South Africa is facing a challenge of the legitimacy of its political and socio-economic system. A growing number of our citizens are being left behind. They are angry and they feel they are not being represented by any political party, trade union or civil society formation.

Who represents us?

This is a cry of the majority of South Africans who feel disenfranchised, marginalised and neglected by all of us who claim to be the representatives of the people.

South Africa is facing a challenge of the legitimacy of its political and socio-economic system. A growing number of our citizens are being left behind. They are angry and they feel they are not being represented by any political party, trade union or civil society formation.

The situation facing the working class in our country and the world reminds me of the truck metaphor used by India’s Arundhati Roy to describe the contradictory social order of development in India. This metaphor could easily be applied to the South African conditions.

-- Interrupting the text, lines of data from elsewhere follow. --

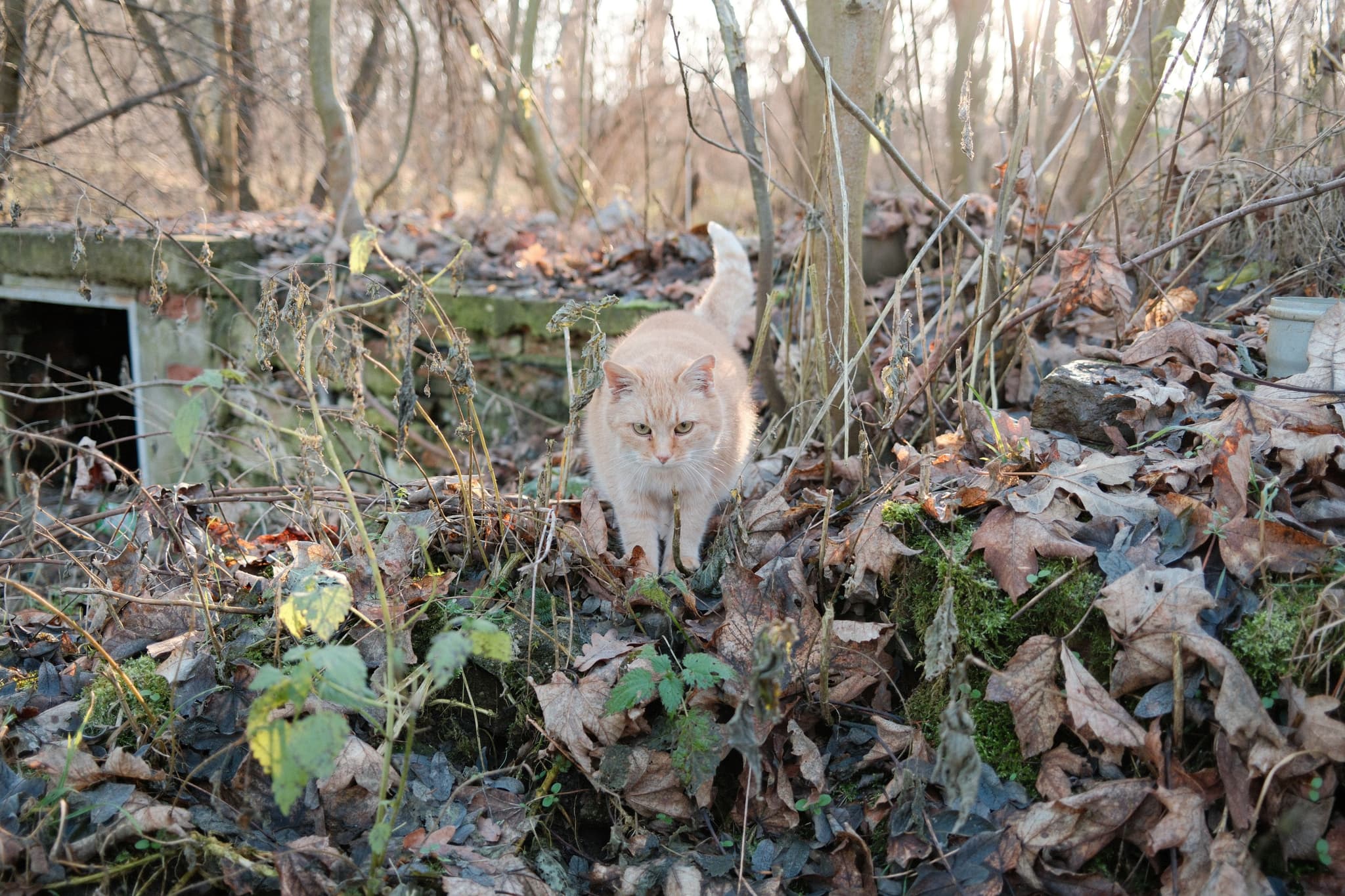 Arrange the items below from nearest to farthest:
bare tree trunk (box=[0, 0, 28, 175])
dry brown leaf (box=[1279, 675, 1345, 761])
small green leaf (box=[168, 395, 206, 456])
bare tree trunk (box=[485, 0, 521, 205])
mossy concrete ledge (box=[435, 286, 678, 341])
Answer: dry brown leaf (box=[1279, 675, 1345, 761])
small green leaf (box=[168, 395, 206, 456])
mossy concrete ledge (box=[435, 286, 678, 341])
bare tree trunk (box=[0, 0, 28, 175])
bare tree trunk (box=[485, 0, 521, 205])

Roy points out that contemporary India is characterised by a kind of “schizophrenic” progress:

It is as though the people of India have been rounded up and loaded onto two convoys of trucks (a huge one and a tiny little one) that have set off resolutely in opposite directions. The tiny convoy is on its way to a glittering destination somewhere near the top of the world. The other convoy just melts into the darkness and disappears.” (Roy 2001, p 189)

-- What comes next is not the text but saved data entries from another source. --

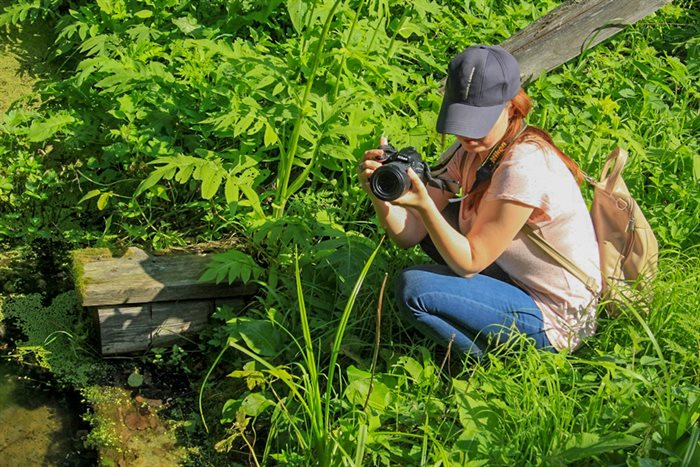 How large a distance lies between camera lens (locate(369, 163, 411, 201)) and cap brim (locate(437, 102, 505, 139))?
202 millimetres

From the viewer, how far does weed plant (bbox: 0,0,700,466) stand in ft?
8.59

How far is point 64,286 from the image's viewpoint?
12.5 feet

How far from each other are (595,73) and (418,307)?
2.16 metres

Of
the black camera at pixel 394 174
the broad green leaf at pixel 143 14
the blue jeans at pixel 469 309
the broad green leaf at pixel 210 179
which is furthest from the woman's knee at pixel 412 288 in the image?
the broad green leaf at pixel 143 14

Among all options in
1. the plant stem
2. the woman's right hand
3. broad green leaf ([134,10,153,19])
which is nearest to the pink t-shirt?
the woman's right hand

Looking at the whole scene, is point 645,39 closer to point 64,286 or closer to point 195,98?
point 195,98

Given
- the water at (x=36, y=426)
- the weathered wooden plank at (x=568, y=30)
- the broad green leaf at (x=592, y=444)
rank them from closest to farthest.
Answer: the broad green leaf at (x=592, y=444), the water at (x=36, y=426), the weathered wooden plank at (x=568, y=30)

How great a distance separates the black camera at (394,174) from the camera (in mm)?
2600

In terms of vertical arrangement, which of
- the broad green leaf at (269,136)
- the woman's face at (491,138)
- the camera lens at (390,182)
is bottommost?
the broad green leaf at (269,136)

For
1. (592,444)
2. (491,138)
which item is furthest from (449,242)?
(592,444)

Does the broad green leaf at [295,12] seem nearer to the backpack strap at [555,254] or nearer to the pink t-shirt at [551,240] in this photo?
the pink t-shirt at [551,240]

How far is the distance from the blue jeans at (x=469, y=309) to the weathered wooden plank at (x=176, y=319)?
95 cm

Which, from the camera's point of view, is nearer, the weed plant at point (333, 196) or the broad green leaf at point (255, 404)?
the weed plant at point (333, 196)

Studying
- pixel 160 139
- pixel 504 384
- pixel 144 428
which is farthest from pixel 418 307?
pixel 160 139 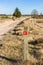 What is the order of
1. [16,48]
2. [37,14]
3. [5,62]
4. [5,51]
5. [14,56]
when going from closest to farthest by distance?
[5,62], [14,56], [5,51], [16,48], [37,14]

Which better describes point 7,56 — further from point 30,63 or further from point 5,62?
point 30,63

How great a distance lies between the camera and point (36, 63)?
24.3 ft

The glittering destination of one truck and the melting into the darkness of the other truck described by Roy is similar to how Joe Slovo, the former General Secretary of the SACP, talked emotionally about the world he flew into after spending decades in exile.

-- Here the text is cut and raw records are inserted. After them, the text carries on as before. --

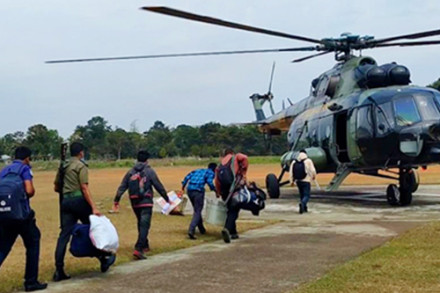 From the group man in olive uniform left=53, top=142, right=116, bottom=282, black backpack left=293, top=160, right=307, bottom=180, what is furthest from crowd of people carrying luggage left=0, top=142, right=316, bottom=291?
black backpack left=293, top=160, right=307, bottom=180

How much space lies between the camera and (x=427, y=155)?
1412 cm

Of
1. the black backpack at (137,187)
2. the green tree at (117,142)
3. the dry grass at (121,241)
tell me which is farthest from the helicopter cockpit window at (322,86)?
the green tree at (117,142)

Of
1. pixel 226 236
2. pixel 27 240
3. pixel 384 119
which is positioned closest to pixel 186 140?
pixel 384 119

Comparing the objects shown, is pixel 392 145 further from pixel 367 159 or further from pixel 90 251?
pixel 90 251

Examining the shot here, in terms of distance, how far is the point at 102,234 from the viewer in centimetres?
688

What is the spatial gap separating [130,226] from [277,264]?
18.4ft

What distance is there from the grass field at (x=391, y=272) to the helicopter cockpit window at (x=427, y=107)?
20.1 ft

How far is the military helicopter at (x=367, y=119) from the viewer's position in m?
14.1

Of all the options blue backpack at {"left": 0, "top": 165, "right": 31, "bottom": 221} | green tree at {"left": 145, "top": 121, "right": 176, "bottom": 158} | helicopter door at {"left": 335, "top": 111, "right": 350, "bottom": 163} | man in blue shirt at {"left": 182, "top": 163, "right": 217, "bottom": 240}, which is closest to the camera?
blue backpack at {"left": 0, "top": 165, "right": 31, "bottom": 221}

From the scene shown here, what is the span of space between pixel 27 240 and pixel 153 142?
115 metres

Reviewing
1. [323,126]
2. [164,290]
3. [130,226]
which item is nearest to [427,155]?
[323,126]

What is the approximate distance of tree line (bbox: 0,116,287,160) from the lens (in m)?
105

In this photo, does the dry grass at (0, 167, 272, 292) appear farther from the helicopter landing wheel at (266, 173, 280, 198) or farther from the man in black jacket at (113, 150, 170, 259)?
the helicopter landing wheel at (266, 173, 280, 198)

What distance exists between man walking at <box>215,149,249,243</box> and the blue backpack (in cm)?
398
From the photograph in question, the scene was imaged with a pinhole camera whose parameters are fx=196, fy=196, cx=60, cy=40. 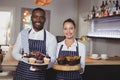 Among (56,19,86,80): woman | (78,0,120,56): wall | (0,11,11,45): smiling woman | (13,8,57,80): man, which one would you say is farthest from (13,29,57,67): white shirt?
(0,11,11,45): smiling woman

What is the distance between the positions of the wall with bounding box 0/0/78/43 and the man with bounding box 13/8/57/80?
3.96 m

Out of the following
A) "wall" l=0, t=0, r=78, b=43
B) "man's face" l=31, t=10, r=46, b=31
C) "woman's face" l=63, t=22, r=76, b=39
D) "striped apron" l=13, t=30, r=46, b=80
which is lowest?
"striped apron" l=13, t=30, r=46, b=80

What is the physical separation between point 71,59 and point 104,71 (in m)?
1.05

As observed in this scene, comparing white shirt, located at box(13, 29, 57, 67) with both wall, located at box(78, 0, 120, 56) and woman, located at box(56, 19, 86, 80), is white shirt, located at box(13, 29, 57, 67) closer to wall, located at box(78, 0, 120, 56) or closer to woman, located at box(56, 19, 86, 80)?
woman, located at box(56, 19, 86, 80)

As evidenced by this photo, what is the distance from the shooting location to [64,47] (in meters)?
1.88


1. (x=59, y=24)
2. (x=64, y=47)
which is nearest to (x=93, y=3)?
(x=59, y=24)

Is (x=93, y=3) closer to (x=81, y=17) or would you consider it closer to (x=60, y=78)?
(x=81, y=17)

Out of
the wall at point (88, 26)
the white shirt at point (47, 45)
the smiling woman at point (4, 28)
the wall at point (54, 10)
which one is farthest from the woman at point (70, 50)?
the smiling woman at point (4, 28)

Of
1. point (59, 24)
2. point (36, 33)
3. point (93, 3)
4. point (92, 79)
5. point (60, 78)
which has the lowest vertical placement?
point (92, 79)

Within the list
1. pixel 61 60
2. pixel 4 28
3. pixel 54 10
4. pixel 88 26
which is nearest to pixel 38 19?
pixel 61 60

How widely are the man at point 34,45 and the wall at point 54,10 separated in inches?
156

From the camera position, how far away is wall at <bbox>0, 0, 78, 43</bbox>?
18.5 ft

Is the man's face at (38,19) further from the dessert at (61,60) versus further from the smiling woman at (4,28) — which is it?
the smiling woman at (4,28)

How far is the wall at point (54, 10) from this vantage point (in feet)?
18.5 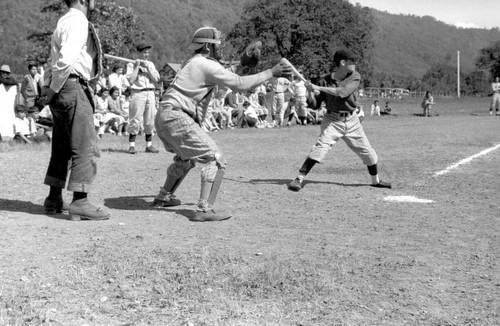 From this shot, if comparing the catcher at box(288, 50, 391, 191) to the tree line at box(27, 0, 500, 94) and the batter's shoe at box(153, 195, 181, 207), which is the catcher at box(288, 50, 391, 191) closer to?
the batter's shoe at box(153, 195, 181, 207)

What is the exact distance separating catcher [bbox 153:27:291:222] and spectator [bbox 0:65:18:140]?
1053 cm

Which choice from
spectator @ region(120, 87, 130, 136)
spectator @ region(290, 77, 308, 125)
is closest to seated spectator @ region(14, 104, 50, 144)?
spectator @ region(120, 87, 130, 136)

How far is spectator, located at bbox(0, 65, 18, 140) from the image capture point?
17.1m

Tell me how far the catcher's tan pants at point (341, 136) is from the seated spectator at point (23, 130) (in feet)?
29.7

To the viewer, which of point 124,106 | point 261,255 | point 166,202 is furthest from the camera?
point 124,106

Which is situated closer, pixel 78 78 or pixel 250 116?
pixel 78 78

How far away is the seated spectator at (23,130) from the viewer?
17.0 meters

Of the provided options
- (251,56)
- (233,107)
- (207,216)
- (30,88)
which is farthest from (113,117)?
(207,216)

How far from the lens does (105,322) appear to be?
14.7 ft

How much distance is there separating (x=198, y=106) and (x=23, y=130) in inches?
418

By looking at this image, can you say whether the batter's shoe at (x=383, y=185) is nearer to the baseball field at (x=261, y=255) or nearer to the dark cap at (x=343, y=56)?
the baseball field at (x=261, y=255)

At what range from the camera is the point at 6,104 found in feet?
56.6

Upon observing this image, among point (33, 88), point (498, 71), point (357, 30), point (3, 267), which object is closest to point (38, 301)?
point (3, 267)

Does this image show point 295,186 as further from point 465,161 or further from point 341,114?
point 465,161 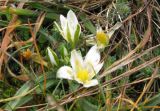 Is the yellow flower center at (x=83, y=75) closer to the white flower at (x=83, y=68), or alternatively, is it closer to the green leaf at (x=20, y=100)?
the white flower at (x=83, y=68)

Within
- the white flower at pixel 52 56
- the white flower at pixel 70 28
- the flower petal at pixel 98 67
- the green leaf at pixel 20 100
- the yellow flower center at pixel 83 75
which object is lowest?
the green leaf at pixel 20 100

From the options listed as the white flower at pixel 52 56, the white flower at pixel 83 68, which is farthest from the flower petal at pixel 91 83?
the white flower at pixel 52 56

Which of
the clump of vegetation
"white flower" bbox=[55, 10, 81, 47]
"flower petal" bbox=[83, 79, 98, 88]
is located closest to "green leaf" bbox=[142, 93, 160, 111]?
the clump of vegetation

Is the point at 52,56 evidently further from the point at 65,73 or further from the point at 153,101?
the point at 153,101

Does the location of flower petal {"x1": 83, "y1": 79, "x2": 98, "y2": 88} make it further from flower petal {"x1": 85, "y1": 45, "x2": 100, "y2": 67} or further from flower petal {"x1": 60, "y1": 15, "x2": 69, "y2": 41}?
flower petal {"x1": 60, "y1": 15, "x2": 69, "y2": 41}

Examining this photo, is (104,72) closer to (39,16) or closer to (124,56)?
(124,56)

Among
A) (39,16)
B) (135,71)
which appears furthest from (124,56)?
(39,16)
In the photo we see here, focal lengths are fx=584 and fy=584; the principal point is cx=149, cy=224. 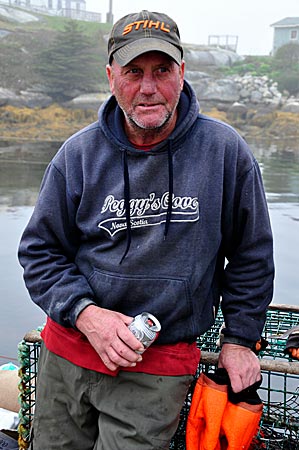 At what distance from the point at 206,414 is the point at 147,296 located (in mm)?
468

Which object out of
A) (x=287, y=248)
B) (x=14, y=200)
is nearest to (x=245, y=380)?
(x=287, y=248)

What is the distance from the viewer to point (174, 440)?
2479 millimetres

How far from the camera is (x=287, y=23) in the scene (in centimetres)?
4547

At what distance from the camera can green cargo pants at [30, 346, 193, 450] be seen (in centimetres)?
201

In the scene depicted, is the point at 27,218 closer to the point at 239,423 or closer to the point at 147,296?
the point at 147,296

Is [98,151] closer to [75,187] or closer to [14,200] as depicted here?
[75,187]

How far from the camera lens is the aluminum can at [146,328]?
1.94m

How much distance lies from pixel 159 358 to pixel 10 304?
3088 mm

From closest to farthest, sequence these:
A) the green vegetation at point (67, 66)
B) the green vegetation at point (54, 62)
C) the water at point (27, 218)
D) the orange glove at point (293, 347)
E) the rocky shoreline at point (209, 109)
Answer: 1. the orange glove at point (293, 347)
2. the water at point (27, 218)
3. the rocky shoreline at point (209, 109)
4. the green vegetation at point (54, 62)
5. the green vegetation at point (67, 66)

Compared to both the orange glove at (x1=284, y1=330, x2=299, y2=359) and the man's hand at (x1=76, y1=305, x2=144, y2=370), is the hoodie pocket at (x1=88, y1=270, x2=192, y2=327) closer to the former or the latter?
the man's hand at (x1=76, y1=305, x2=144, y2=370)

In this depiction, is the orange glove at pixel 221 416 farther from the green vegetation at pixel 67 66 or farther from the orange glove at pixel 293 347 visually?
the green vegetation at pixel 67 66

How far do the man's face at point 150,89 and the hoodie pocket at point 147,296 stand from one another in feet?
1.82

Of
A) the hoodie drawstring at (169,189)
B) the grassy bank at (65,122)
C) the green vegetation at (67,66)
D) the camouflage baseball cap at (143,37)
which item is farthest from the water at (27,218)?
the green vegetation at (67,66)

On his return, as his plane was descending, he said he saw one world of double storey buildings with swimming pools that could feed the longest river in Africa, the Nile, with beautiful gardens, green golf courses and opulence. On the other side of the street, Slovo saw people filled into small pieces of land like sardines and living in squalor.

The working class is melting into darkness and disappearing in contemporary South Africa. We have the sixth-worst unemployment rate in the world. When it comes to youth unemployment we have become the worst in the whole world.

We hold the infamous title of being the country with the worst inequalities. More than 55% of our population is trapped in degrading poverty with 26-million people unable to afford and therefore missing at least one meal a day.

Jobs are not only disappearing but an increasing number of the remaining workers see their jobs being made more precarious than ever before, through outsourcing, the use of labour brokers and jobs previously performed by permanent workers now being redefined as Expanded Public Works Programmes and paid peanuts with no benefits.

It is not my intention to talk of the gains of the past 25 years or the glittering destination and the other truck disappearing into darkness in any further detail.

What is however clear, notwithstanding the strides made, poverty is increasing not decreasing, unemployment is increasing and not decreasing and inequalities are increasing not decreasing.

Steadily but surely, more and more people are losing hope. More people are disengaging with the political systems of our country. More and more workers do not look to unions for protection and more communities do not belong to civic associations or other forms of organisations to speak for them.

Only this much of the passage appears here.